With log.retention.hours=4500 no logs are deleted:

[2018-09-04 14:01:41,705] INFO Created log for partition IpkGd3og-0 in /home/al/git/rsyslog/tests/.dep_wrk/kafka/kafka-logs with properties {compression.type -> producer, message.format.version -> 2.0-IV1, file.delete.delay.ms -> 60000, max.message.bytes -> 1000000, min.compaction.lag.ms -> 0, message.timestamp.type -> CreateTime, message.downconversion.enable -> true, min.insync.replicas -> 1, segment.jitter.ms -> 0, preallocate -> false, min.cleanable.dirty.ratio -> 0.5, index.interval.bytes -> 4096, unclean.leader.election.enable -> true, retention.bytes -> 104857600, delete.retention.ms -> 86400000, cleanup.policy -> [delete], flush.ms -> 10000, segment.ms -> 604800000, segment.bytes -> 104857600, retention.ms -> 16200000000, message.timestamp.difference.max.ms -> 9223372036854775807, segment.index.bytes -> 104857600, flush.messages -> 10000}. (kafka.log.LogManager)

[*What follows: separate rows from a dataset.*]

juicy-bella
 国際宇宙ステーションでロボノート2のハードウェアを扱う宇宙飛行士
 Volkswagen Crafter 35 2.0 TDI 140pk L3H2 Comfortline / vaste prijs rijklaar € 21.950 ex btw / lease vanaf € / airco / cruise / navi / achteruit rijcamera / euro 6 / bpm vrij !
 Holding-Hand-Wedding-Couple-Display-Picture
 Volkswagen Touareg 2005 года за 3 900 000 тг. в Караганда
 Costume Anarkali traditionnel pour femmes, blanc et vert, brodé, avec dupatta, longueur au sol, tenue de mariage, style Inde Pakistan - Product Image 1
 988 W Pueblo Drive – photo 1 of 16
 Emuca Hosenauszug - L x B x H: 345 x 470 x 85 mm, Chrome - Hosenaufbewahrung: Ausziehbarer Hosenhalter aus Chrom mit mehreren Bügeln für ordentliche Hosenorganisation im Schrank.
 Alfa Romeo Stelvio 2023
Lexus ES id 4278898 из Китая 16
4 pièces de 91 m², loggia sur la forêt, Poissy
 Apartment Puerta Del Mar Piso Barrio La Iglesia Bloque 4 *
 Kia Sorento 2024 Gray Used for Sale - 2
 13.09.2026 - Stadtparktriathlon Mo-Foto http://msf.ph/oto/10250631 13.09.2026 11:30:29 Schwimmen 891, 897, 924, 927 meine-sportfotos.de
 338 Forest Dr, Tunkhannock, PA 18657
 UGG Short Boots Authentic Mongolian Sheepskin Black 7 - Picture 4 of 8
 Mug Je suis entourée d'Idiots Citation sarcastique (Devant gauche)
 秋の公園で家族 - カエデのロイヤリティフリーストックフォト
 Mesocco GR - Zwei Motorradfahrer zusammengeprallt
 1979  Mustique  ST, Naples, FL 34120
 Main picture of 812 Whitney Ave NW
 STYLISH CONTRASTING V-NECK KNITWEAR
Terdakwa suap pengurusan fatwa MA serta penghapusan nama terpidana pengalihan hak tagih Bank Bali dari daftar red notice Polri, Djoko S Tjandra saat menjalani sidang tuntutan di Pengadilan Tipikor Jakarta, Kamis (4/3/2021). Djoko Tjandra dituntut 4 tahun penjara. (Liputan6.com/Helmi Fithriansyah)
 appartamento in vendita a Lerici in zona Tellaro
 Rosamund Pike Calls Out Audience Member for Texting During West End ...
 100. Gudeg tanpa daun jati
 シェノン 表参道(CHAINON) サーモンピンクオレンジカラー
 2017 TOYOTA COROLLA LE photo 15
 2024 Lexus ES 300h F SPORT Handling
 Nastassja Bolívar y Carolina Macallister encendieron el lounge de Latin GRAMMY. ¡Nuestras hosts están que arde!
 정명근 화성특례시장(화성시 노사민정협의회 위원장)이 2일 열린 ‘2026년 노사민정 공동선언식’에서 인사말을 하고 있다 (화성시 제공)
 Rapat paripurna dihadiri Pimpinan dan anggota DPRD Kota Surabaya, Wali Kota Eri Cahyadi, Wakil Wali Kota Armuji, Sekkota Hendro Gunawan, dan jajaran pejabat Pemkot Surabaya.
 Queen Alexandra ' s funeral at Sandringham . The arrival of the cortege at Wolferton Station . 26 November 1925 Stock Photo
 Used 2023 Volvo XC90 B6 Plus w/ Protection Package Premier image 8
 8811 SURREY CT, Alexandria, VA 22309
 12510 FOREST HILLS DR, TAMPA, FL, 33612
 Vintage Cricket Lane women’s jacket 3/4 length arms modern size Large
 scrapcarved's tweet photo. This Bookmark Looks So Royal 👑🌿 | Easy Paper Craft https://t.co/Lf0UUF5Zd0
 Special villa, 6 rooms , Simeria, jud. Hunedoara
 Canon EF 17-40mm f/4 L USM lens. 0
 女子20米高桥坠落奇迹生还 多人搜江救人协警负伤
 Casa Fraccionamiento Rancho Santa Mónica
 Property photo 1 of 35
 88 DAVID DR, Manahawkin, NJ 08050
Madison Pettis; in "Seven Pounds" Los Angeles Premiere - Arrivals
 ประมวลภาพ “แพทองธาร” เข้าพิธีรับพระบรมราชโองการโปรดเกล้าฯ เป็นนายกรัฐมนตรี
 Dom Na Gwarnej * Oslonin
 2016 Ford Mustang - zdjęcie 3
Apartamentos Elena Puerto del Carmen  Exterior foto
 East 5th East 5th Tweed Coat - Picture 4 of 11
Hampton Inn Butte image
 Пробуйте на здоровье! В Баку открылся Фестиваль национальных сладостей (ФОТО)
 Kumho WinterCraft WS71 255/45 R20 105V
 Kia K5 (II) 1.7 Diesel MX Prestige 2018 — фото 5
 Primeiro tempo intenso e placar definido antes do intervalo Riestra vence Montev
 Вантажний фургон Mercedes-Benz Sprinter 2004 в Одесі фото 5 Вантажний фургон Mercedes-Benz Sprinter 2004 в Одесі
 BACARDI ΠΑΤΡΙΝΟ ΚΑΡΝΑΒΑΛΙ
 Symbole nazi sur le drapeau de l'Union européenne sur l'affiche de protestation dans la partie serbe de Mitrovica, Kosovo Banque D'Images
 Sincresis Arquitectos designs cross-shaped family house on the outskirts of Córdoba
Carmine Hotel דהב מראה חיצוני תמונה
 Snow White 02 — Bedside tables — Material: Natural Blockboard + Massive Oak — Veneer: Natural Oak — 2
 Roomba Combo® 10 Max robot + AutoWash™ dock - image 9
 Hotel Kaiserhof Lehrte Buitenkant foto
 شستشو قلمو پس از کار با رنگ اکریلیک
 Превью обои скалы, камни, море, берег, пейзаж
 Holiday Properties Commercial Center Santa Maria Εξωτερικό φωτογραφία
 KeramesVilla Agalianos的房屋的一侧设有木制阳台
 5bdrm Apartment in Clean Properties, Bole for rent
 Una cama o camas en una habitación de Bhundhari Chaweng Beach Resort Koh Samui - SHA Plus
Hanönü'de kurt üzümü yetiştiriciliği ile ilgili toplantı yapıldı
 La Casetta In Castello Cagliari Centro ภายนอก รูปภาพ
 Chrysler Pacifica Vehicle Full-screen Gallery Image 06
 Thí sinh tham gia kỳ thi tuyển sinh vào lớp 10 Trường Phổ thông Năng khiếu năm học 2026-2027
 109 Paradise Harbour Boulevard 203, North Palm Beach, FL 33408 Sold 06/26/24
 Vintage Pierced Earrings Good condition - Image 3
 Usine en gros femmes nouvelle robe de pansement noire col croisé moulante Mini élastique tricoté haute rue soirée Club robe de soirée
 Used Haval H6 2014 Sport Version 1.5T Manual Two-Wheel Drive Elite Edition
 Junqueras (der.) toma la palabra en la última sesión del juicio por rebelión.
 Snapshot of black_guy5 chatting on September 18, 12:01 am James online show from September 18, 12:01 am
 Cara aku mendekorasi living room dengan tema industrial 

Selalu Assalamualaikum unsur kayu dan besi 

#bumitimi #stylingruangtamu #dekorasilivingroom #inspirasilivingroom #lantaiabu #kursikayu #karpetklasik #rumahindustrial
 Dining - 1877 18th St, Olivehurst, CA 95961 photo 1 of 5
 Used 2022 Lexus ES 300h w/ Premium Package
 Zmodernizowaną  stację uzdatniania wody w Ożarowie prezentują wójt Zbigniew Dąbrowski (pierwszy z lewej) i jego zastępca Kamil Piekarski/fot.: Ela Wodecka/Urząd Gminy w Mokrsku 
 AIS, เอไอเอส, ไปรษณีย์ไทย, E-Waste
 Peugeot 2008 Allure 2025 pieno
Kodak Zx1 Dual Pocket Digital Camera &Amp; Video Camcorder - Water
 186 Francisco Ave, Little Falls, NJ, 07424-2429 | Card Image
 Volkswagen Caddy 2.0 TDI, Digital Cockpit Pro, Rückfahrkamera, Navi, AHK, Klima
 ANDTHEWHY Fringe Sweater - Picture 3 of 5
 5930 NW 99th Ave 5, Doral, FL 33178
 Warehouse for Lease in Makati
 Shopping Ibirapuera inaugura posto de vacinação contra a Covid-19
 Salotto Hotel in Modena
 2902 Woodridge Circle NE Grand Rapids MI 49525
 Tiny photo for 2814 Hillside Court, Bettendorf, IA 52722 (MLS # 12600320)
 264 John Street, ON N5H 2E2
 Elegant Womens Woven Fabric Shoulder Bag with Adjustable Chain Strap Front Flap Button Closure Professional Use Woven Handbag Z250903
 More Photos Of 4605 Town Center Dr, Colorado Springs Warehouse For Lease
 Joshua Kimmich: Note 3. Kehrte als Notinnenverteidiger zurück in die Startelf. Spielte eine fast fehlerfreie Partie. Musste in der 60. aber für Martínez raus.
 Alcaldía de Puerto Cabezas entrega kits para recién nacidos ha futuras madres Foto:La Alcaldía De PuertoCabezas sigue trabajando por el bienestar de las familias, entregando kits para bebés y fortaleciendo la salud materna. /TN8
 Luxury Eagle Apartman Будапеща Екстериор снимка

alorbach commented 6 years ago

But technically can you confirm that my timestamps are correct now as shown below:

3906.724258635:main Q:Reg/w0 : omkafka.c: omkafka: rd_kafka_producev timestamp=1519866000/1519866000000 3906.724457330:main Q:Reg/w0 : omkafka.c: omkafka: rd_kafka_producev timestamp=1519866000/1519866000000 3906.724657294:main Q:Reg/w0 : omkafka.c: omkafka: rd_kafka_producev timestamp=1519866000/1519866000000 3906.724838562:main Q:Reg/w0 : omkafka.c: omkafka: rd_kafka_producev timestamp=1519866000/1519866000000 3906.725036284:main Q:Reg/w0 : omkafka.c: omkafka: rd_kafka_producev timestamp=1519866000/1519866000000 3906.725250509:main Q:Reg/w0 : omkafka.c: omkafka: rd_kafka_producev timestamp=1519866000/1519866000000

edenhill commented 5 years ago
$ LC_ALL=C date -d @1519866000
Thu Mar  1 02:00:00 CET 2018

Looks ok. Do note that message timestamps are in milliseconds since epoch, not seconds though.